Killers of the Flower Moon, il nuovo film di Martin Scorsese nonché il primo a riunire i due feticci del passato (Robert De Niro) e del presente (Leonardo Di Caprio) del regista, uscirà il 19 ottobre in tutte le sale. Noi lo abbiamo visto in anteprima e, nonostante il dibattito in essere sulla durata (ben 3 ore e 26 minuti), è un film scorrevole e per la sua portanza di significato si può definire il più “politico” dei film di Martin Scorsese.
Il tema, tratto dal romanzo Gli assassini della terra rossa di David Grann, a sua volta una storia vera, ha un chiaro intento di denuncia nei confronti dei soprusi subdoli e violenti inferti dai bianchi nei confronti dei nativi americani. La storia è del tutto non convenzionale: una tribù di pellerossa, gli Osage, si ritrovano sotto i piedi un importante giacimento di petrolio. Il momento è propizio perché siamo negli anni ’20 in Oklahoma e il petrolio è una fonte di ricchezza senza precedenti.
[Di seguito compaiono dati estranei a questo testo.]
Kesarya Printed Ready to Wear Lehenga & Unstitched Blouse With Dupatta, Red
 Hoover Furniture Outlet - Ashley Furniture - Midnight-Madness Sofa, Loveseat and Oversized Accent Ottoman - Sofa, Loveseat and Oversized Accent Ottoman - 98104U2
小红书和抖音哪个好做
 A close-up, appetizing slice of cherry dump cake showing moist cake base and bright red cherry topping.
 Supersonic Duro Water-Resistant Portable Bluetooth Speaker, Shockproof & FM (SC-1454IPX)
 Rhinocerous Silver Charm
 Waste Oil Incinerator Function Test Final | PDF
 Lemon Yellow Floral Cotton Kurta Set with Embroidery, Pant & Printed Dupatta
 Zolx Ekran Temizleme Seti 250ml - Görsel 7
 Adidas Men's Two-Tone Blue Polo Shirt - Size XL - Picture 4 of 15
Contrariamente a come la storia statunitense ci ha insegnato, questa volta i nativi si attrezzano come meglio non potevano con un sistema di concessioni che permettesse loro di guadagnare come proprietari terrieri, sfruttando però l’avanguardia tecnologica di estrazione del petrolio inventata dai bianchi.
In pratica i latifondisti sono gli indiani e la manodopera è bianca. A questo punto si apre un nuovo scenario antitetico rispetto alla storia dei nativi, sempre sfruttati e oppressi fin dal 1492. Ora loro sono i ricchi proprietari e si godono i loro soldi a scapito degli altri. Ma questa situazione vacilla fin da subito, poiché i grandi uomini d’affari statunitensi, vuoi la corsa al dollaro, vuoi il razzismo dominante, non avrebbero permesso questo stato delle cose.
Inizia così un lungo processo di privazione subdola dei territori, giocando nelle zone d’ombra del diritto con matrimoni combinati tra bianchi e pellerossa per ereditare concessioni.
Burattinaio di questa pervasiva operazione è lo zio (o il re) William Hale (Robert De Niro) che crea una fitta rete di matrimoni tra Osage e suoi nipoti, tra cui Ernest Burkhart (Leonardo Di Caprio), che gli permetterà un giorno di mettere le mani su quei terreni così remunerativi. La situazione degenera in omicidi premeditati e nel tentativo di insabbiarli.
Si tratta di una forte presa di posizione di Martin Scorsese, uno dei registi più influenti della storia del cinema, che non solo denuncia i soprusi e gli omicidi inferti dai suoi amati Stati Uniti, ma lo fa mettendoci la faccia. Prende i suoi due attori simbolo e li distrugge, così come distrugge se stesso. Un film di denuncia sulla questione nativo-americana così potente non si vedeva dai tempi di Soldato Blu (1970). Con la determinante differenza che nel Far West il capitalismo è nella sua fase embrionale (dunque in Soldato Blu, i motivi del conflitto sono di carattere razziale e imperialistico), mentre nel film di Scorsese è il motivo principale dell’estinzione Osage.
Dal punto di vista estetico inoltre, Scorsese sembra aver reagito al modo di fare cinema di autori contemporanei. L’impressione è che abbia fatto sua la nuova forma estetica dei registi che ora dominano la scena hollywoodiana, su tutti Wes Anderson e Quentin Tarantino. Scorsese si dimostra un regista in continua evoluzione, sia nella forma sia nei generi (Shutter Island docet).
Scorsese è Raffaello che risponde e rielabora le influenze di Michelangelo e Leonardo.
Killers of the flower moon – regia di Martin Scorsese – Sceneggiatura Eric Roth e Martin Scorsese – Con: Leonardo Di Caprio, Robert De Niro, Lily Gladstone, Brandon Fraser, Jesse Plemons, Louis Cancelmi, Larry Sellers – Musica di Robbie Robertson – Prodotto da Apple Studios e Imperative Entertainment – Anno 2023 – Dal 19 ottobre nei cinema italiani.